Assignment:
An image-free reproduction of the data below is needed: print it exactly.

Stored dataset items
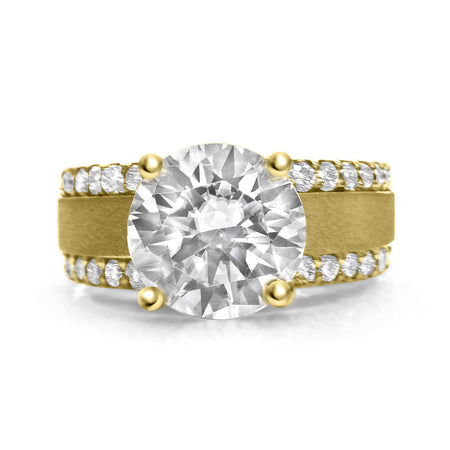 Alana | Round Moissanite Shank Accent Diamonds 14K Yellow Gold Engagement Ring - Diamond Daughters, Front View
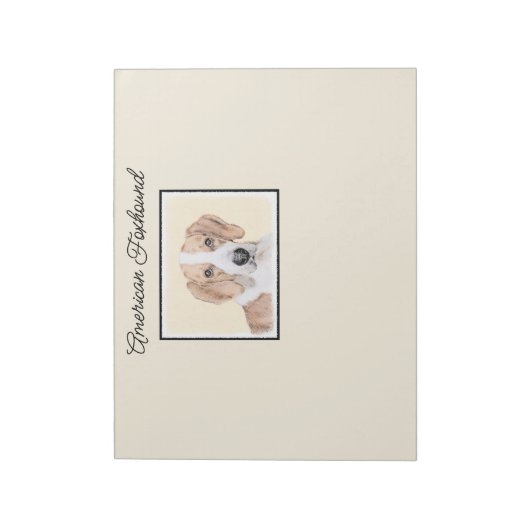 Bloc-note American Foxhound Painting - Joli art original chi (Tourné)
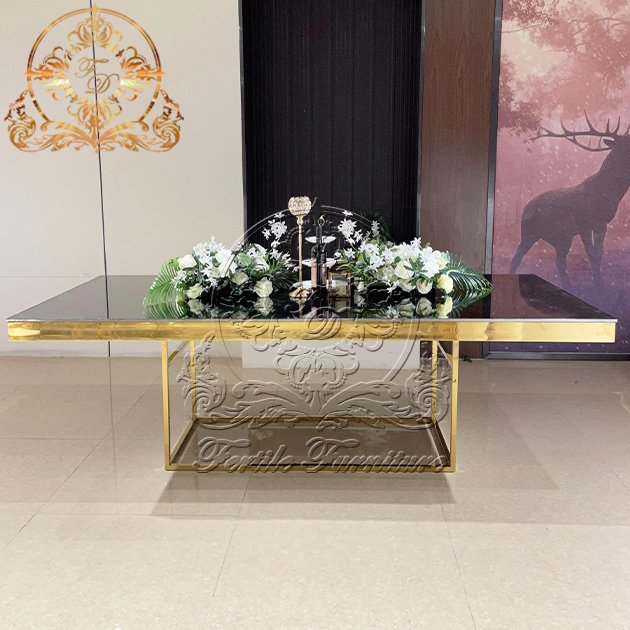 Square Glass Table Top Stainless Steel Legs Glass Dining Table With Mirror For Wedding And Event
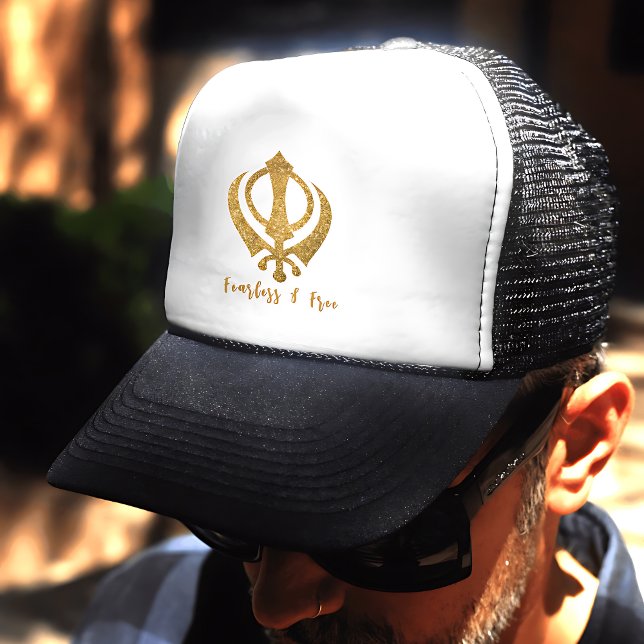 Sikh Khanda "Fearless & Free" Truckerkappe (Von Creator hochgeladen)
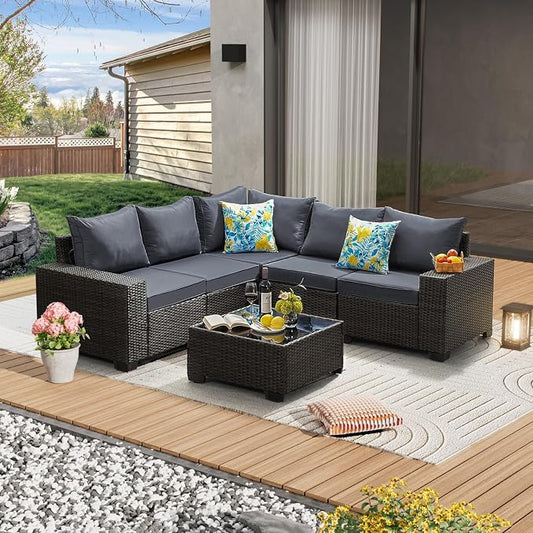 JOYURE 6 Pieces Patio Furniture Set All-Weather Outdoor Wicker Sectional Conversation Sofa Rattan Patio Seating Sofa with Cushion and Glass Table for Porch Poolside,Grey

The completed task:
 Alana | Round Moissanite Shank Accent Diamonds 14K Yellow Gold Engagement Ring - Diamond Daughters, Front View
 Bloc-note American Foxhound Painting - Joli art original chi (Tourné)
 Square Glass Table Top Stainless Steel Legs Glass Dining Table With Mirror For Wedding And Event
 Sikh Khanda "Fearless & Free" Truckerkappe (Von Creator hochgeladen)
 JOYURE 6 Pieces Patio Furniture Set All-Weather Outdoor Wicker Sectional Conversation Sofa Rattan Patio Seating Sofa with Cushion and Glass Table for Porch Poolside,Grey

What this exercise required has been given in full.